Son yıllarda pek çok sebepten ötürü sağlık alanına yapılan yatırımlar, sağlık konusunda gerçekleştirilen harcama miktarının artması, toplumsal beklentiler, sağlık ve ekonomik büyüme konuları üzerinde durulmasını zorunlu hale getirmiştir. Sağlığın, toplumun gelir düzeyi ve refahına, işçi verimliliğine, iş gücü katılımına, tasarruf ve yatırım oranlarına, demografik faktörler ile diğer beşerî sermaye faktörlerine doğrudan etki etmesi artan önemi de açıklamaktadır (Karagül, 2002: 72). Günümüzde gelişmiş ve gelişmekte olan ülkelerce yapılan araştırmalar sonucunda ekonomik büyümenin sağlığa pozitif yönde etki ettiği, sağlıkta yapılan iyileştirmelerin de ekonomik verimliliğe ve büyümeye önemli katkılar sağladığını ortaya koymaktadır (Atun & Fitzpatrick, 2005: 6).

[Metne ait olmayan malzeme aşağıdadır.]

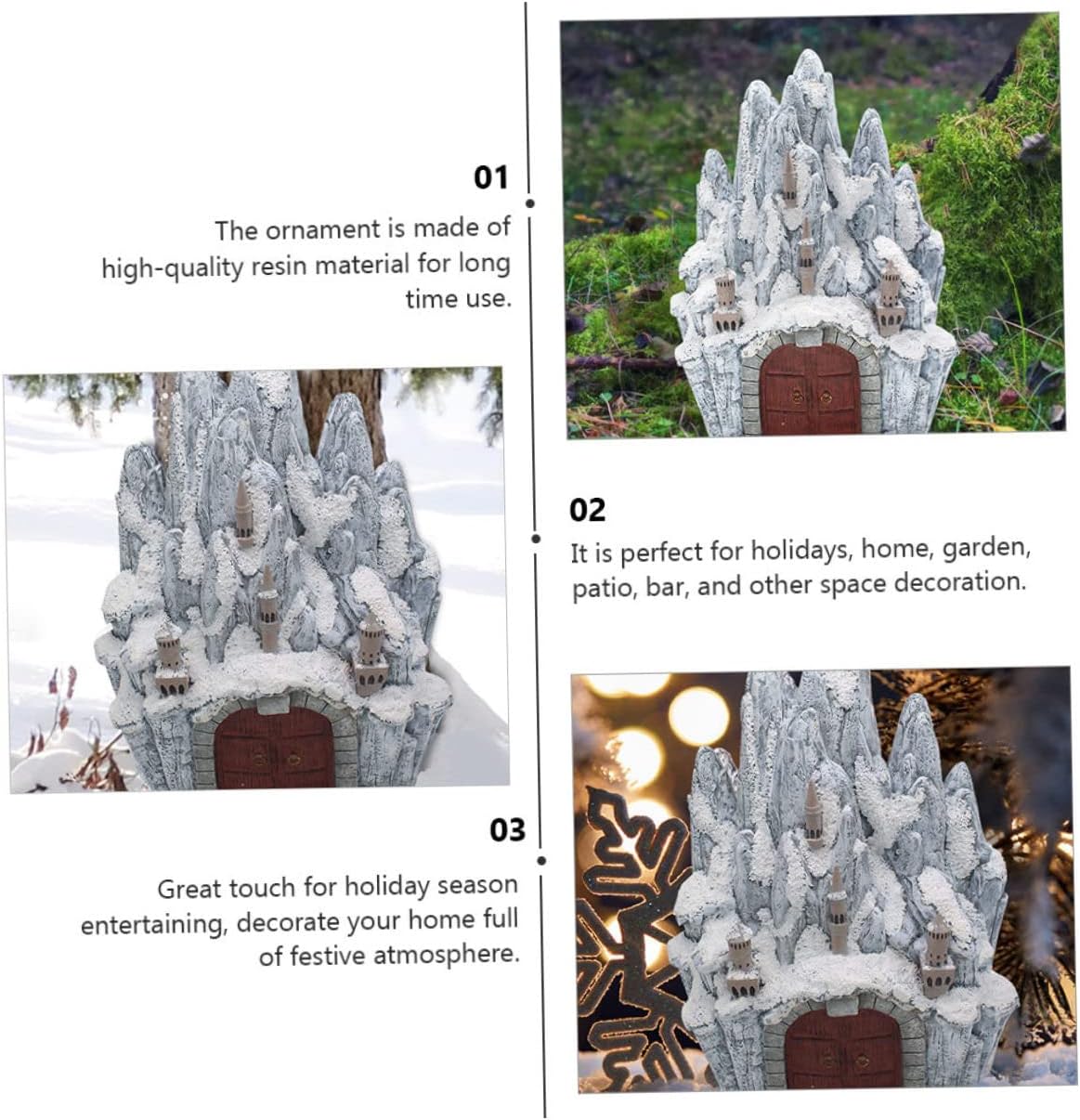 Luxshiny Snow Mountain Theme Home Decor 8-inch Artificial Resin Adornment for Holiday and Seasonal Display Unique Icing Fort Ornament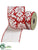 Damask Ribbon - Red White - Pack of 6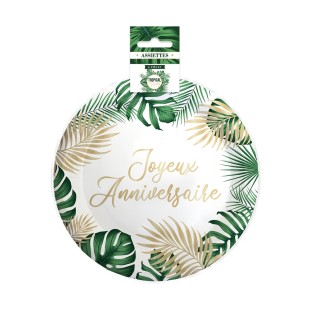 6 assiettes anniversaire tropical 23cm 2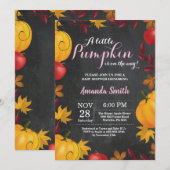 Citrouille Automne Baby shower fille invitation Ch (Devant / Derrière)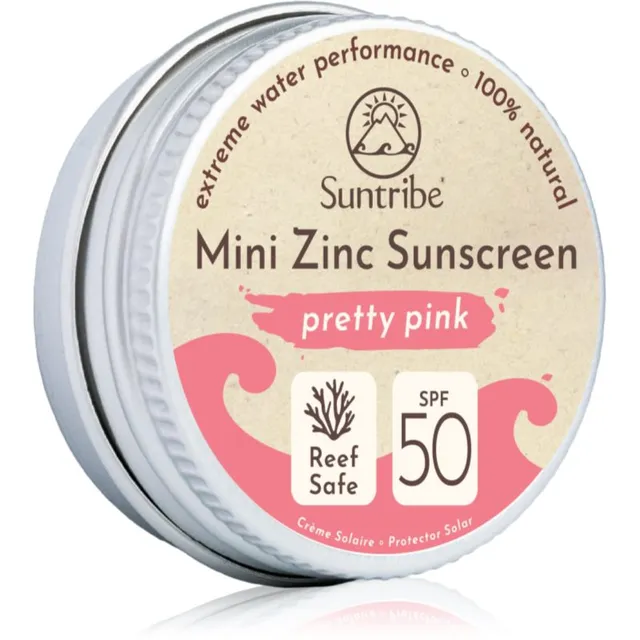 Suntribe Mini Zinc Sunscreen Mineraalne kaitsekreen näole ja kehale SPF 50 Pretty Pink 15 g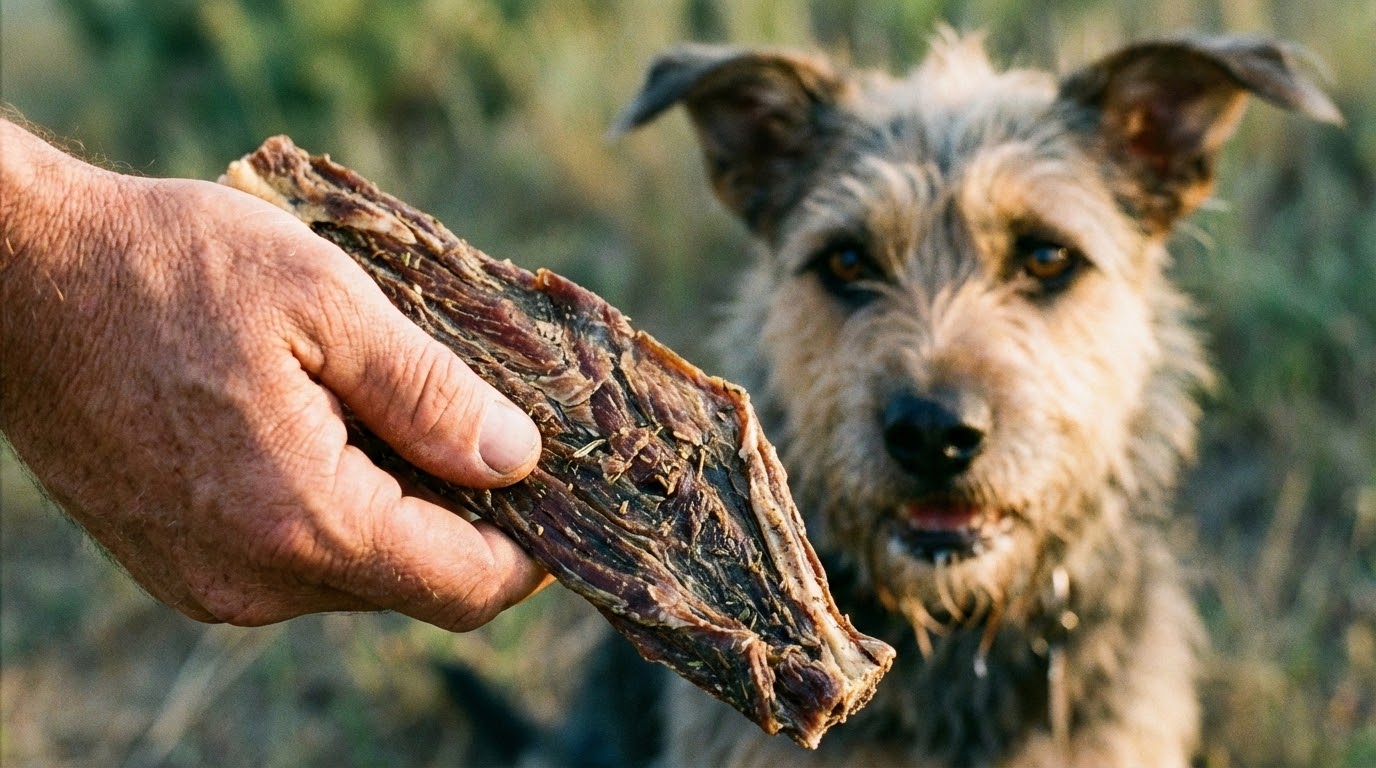 Main humaine tenant une friandise, vue en gros plan, avec un chien flou en arrière-plan.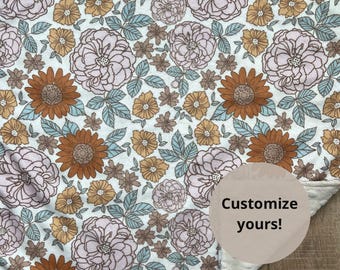 Retro Neutral Floral Minky Baby Blanket; Minky Baby Lovey; Boho Nursery; Baby Girl Blanket; Baby Shower Gift; Personalized Baby Gift; Beige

Sağlık harcamalarının ekonomik büyüme üzerinde özendirici bir etkisi olduğu düşünülmektedir (Mushkin, 1962: 129). Bloom ve Canning (2000)’e göre sağlık harcamaları ekonomik büyüme üzerinde olumlu bir etki meydana getirmektedir. Bir toplumun

ekonomisinde hem iktisadi etkinliklerin ölçeğinde gerçekleşen büyüme, hem de iktisadi faaliyetlerin toplam ölçeğindeki büyüme toplam nüfustaki büyümeden daha fazladır. Bu yüzden kişi başına hasılanın büyümesi ekonomik büyüme olarak adlandırılır (Tezel, 1989: 12). Sağlık, bireylerin sahip olduğu en önemli hazine olmasının yanında ülke ekonomisinin ve ülke refahının en önemli kaynağı olarak düşünülmektedir (Lusting, 2004: 15). Bu nedenle hayatlarını sağlıklı bir şekilde devam ettiren birey ve toplumlar, doğal kaynakları etkili bir şekilde kullanarak üretimde daha aktif rol oynayabilmekte ve böylece toplumsal refahın sağlanmasına yardım edebilmektedirler. Günümüzde gelişerek belirli bir refah seviyesine ulaşmış ülkeler, sağlık hizmetlerinin kalitesini yükseltebilmek için her yıl sağlık harcamalarına daha fazla kaynak tahsis etmişlerdir (Aydemir & Baylan, 2015: 418). Tahsis edilen kaynaklar etkin ve verimli bir şekilde kullanılırsa sağlık harcamalarının ekonomik büyüme üzerinde etkisi olumlu olurken, kaynakların etkin kullanılmaması durumunda sağlık harcamalarının ekonomik büyüme üzerinde etkisinin olmaması veya olumsuz olması gibi sonuçlar görülebilmektedir.